Any pictures in the records below must be left out when you repeat the lines from the line containing "GTW® Vandal Matte" through the line containing "Set of ecology." exactly.

▶ [Data]
- Opening Delimiter -

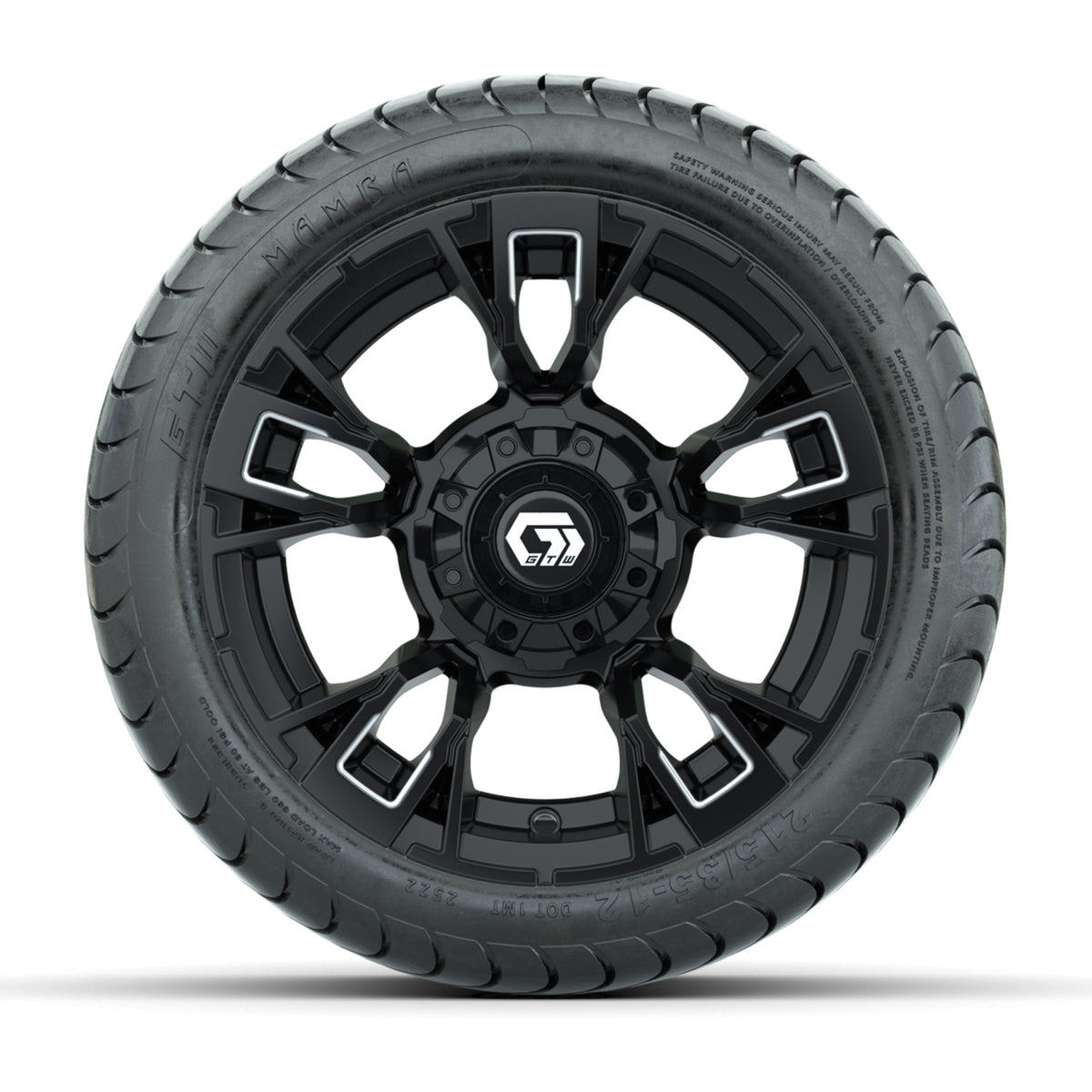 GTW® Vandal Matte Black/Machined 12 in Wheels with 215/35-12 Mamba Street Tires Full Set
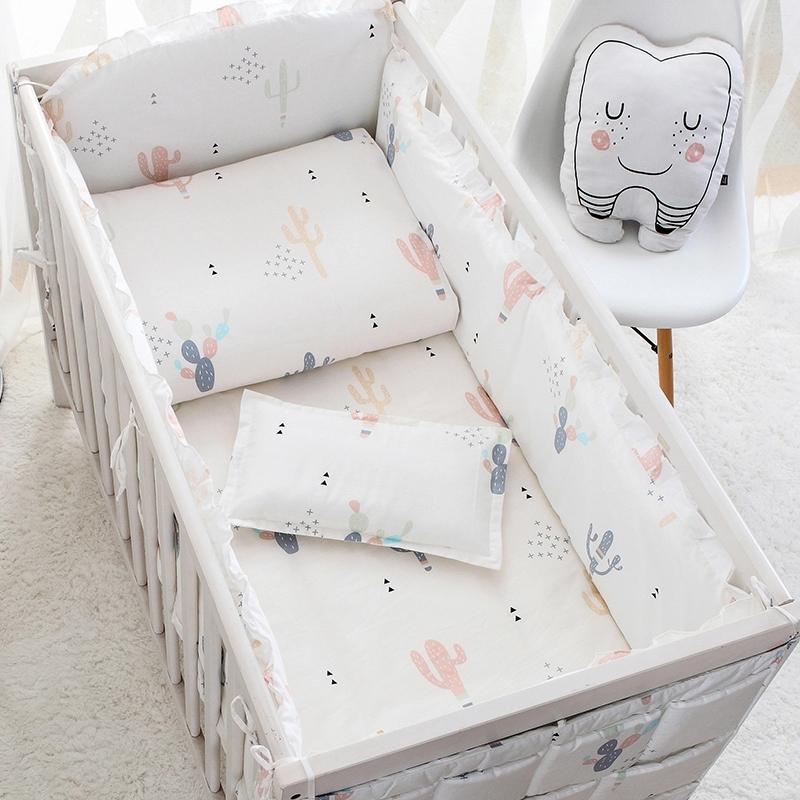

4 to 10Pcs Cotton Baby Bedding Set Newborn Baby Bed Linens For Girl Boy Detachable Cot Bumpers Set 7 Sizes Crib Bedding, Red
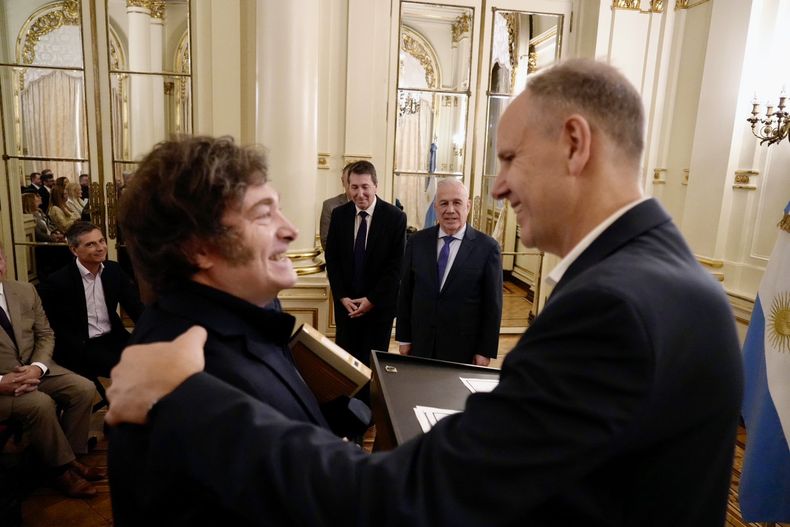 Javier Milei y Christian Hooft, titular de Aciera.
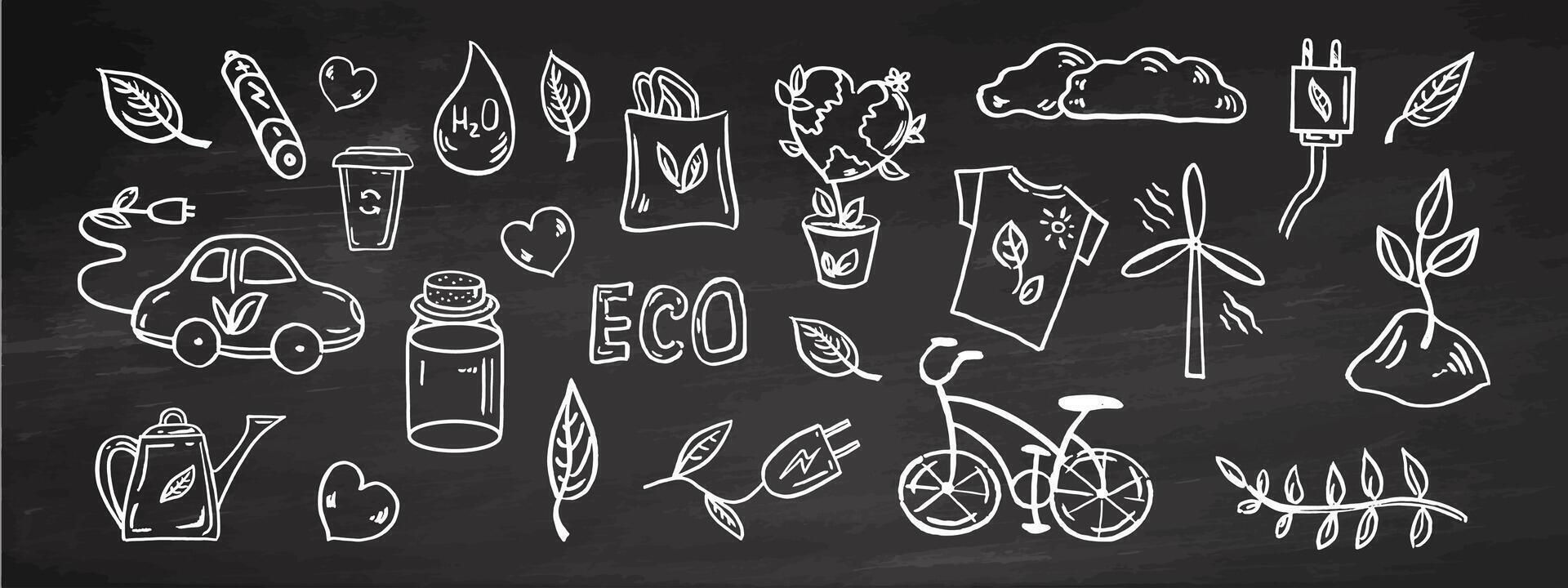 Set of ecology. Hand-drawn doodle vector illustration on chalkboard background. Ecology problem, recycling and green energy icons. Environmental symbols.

- Closing Delimiter -
- Opening Delimiter -

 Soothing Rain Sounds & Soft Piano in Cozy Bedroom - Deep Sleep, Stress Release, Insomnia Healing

- Closing Delimiter -

▶ [Exercise solution]
 GTW® Vandal Matte Black/Machined 12 in Wheels with 215/35-12 Mamba Street Tires Full Set

4 to 10Pcs Cotton Baby Bedding Set Newborn Baby Bed Linens For Girl Boy Detachable Cot Bumpers Set 7 Sizes Crib Bedding, Red
 Javier Milei y Christian Hooft, titular de Aciera.
 Set of ecology. Hand-drawn doodle vector illustration on chalkboard background. Ecology problem, recycling and green energy icons. Environmental symbols.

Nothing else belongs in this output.